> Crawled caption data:
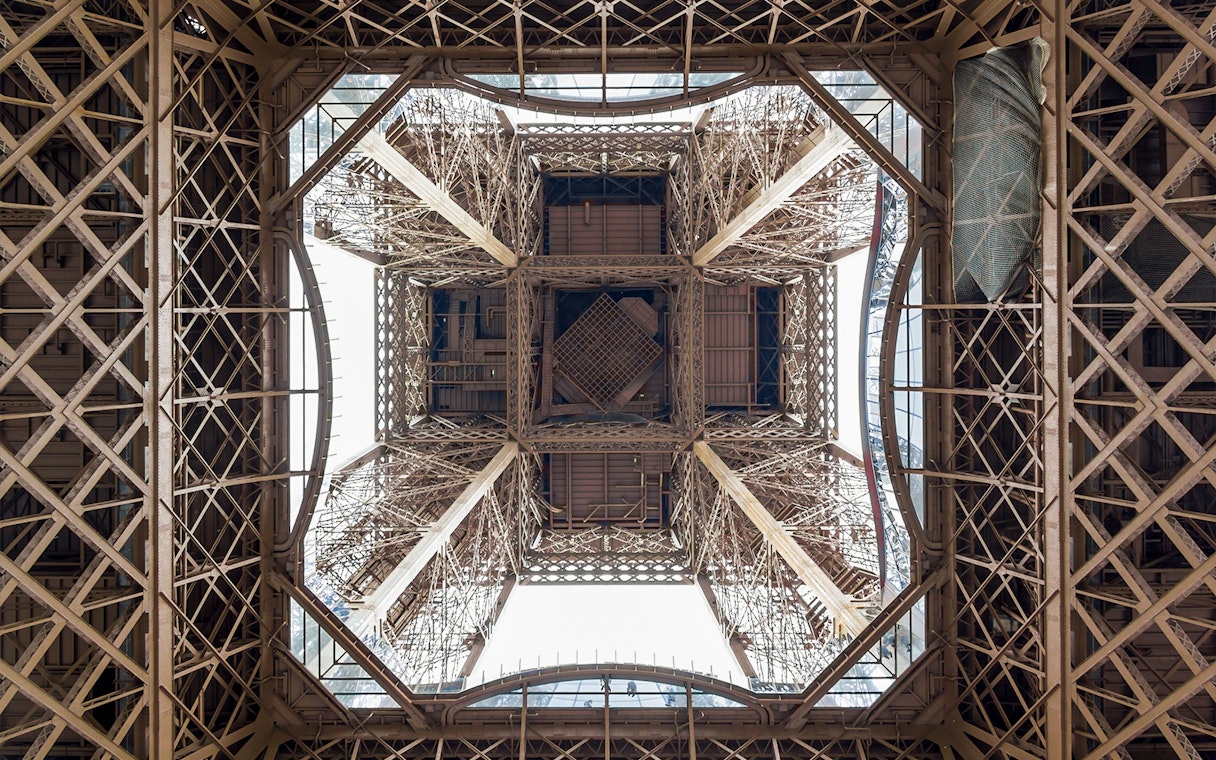 View from beneath the Eiffel Tower's intricate iron structure during guided elevator tour.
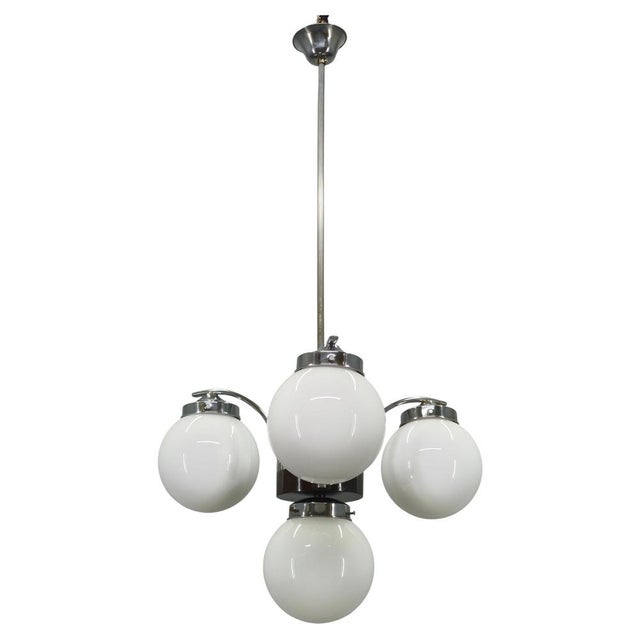 This elegant period fixture combines chrome-plated metal construction with stained wood accents and four beautifully...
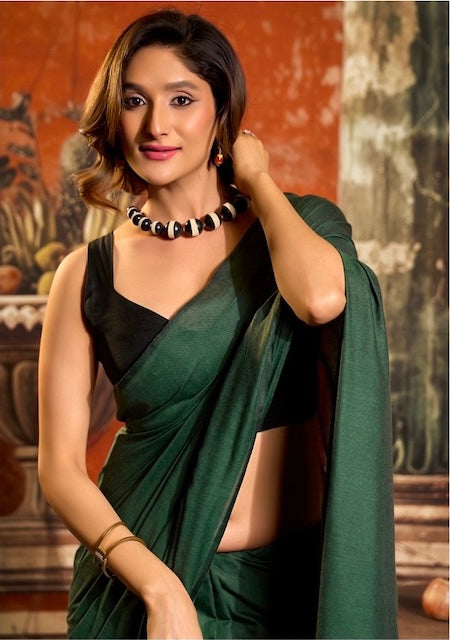 Green cotton easy saree with black contrast pallu, diagonal wrap, and necklace neckline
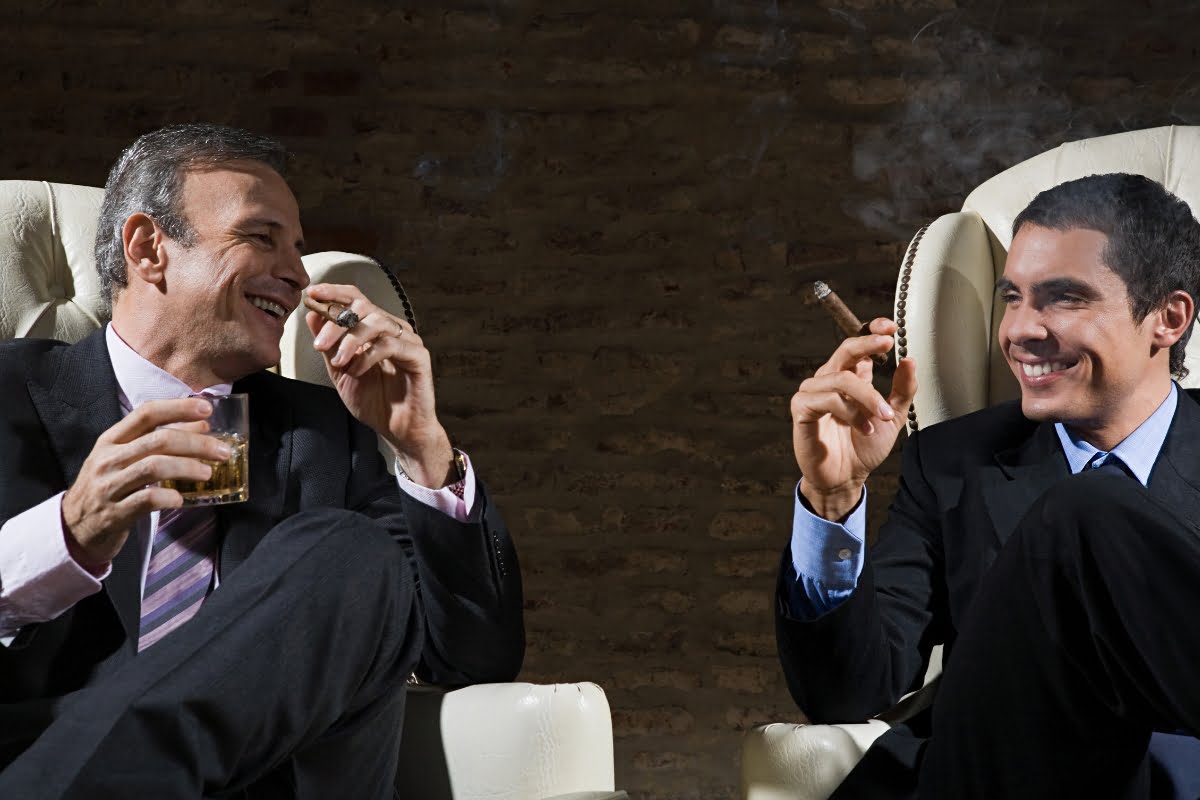 Two men in suits are sitting in armchairs, smiling and holding cigars, embodying the essence of cigar lounge etiquette. One man is holding a glass of amber liquid, possibly whiskey. The background is a brick wall.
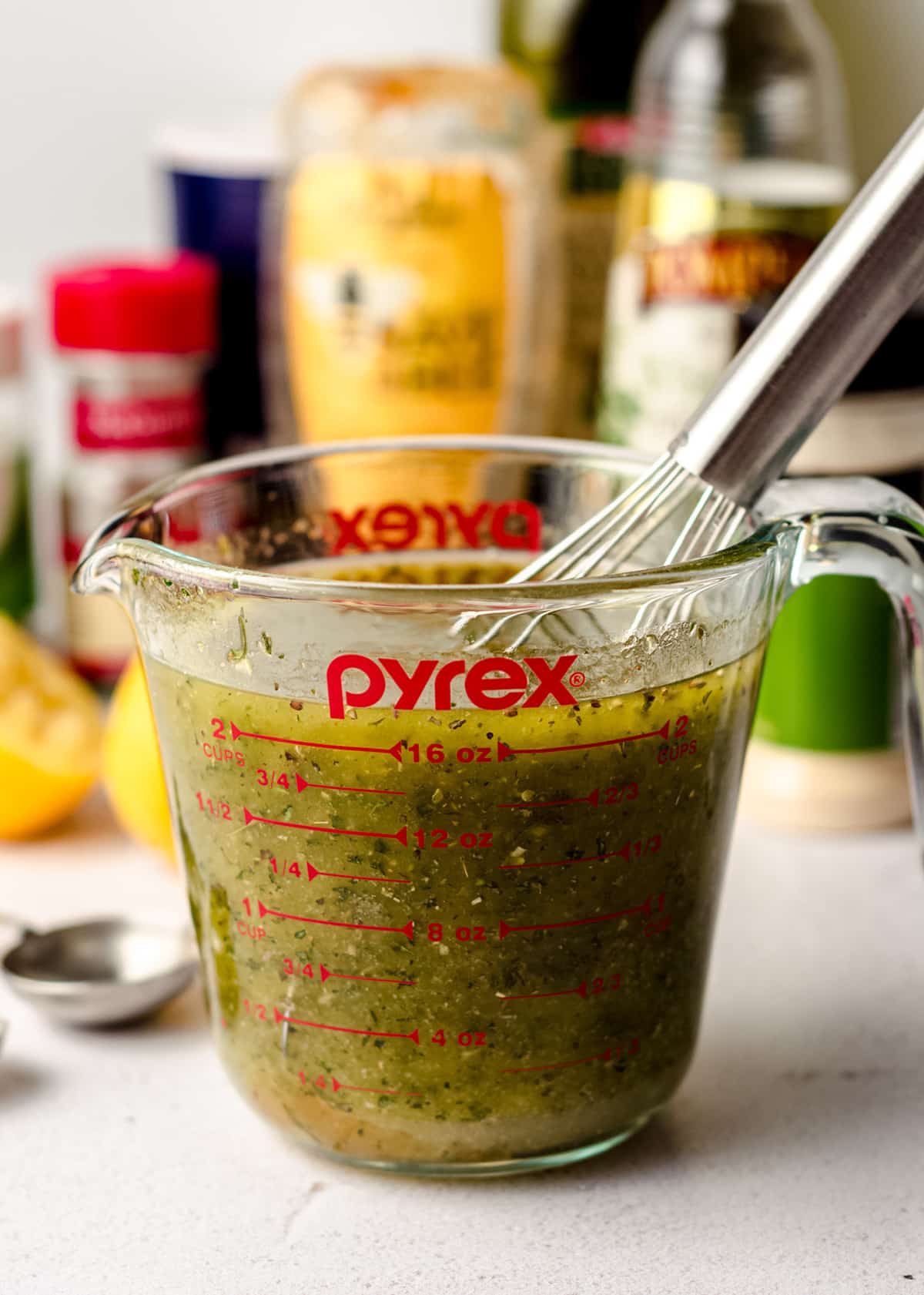 homemade italian dressing in a measuring cup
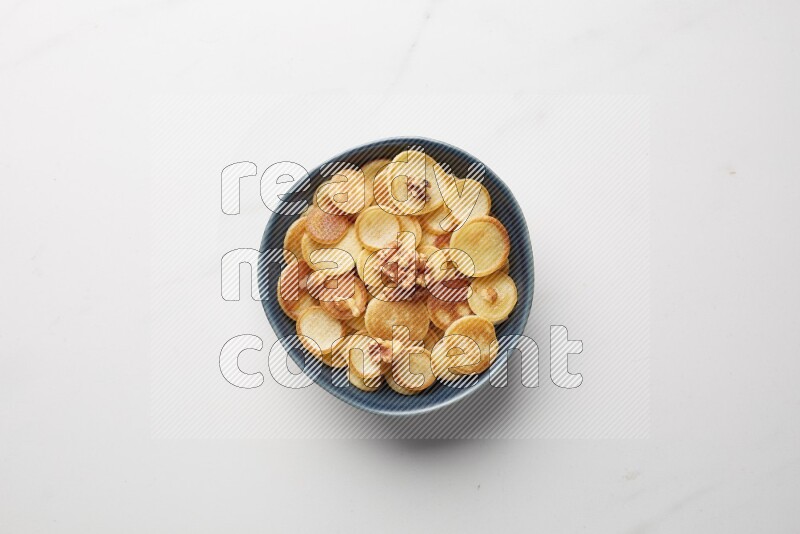 Top-view shot of walnut cereal pancakes in a round bowl on white background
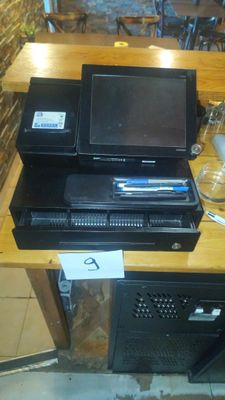 a laptop computer sitting on top of a wooden desk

> WHAT YOU HAVE TO DO:
Please keep the pictures out and reproduce the records above exactly.

> REPLY:
 View from beneath the Eiffel Tower's intricate iron structure during guided elevator tour.
 This elegant period fixture combines chrome-plated metal construction with stained wood accents and four beautifully...
 Green cotton easy saree with black contrast pallu, diagonal wrap, and necklace neckline
 Two men in suits are sitting in armchairs, smiling and holding cigars, embodying the essence of cigar lounge etiquette. One man is holding a glass of amber liquid, possibly whiskey. The background is a brick wall.
 homemade italian dressing in a measuring cup
 Top-view shot of walnut cereal pancakes in a round bowl on white background
 a laptop computer sitting on top of a wooden desk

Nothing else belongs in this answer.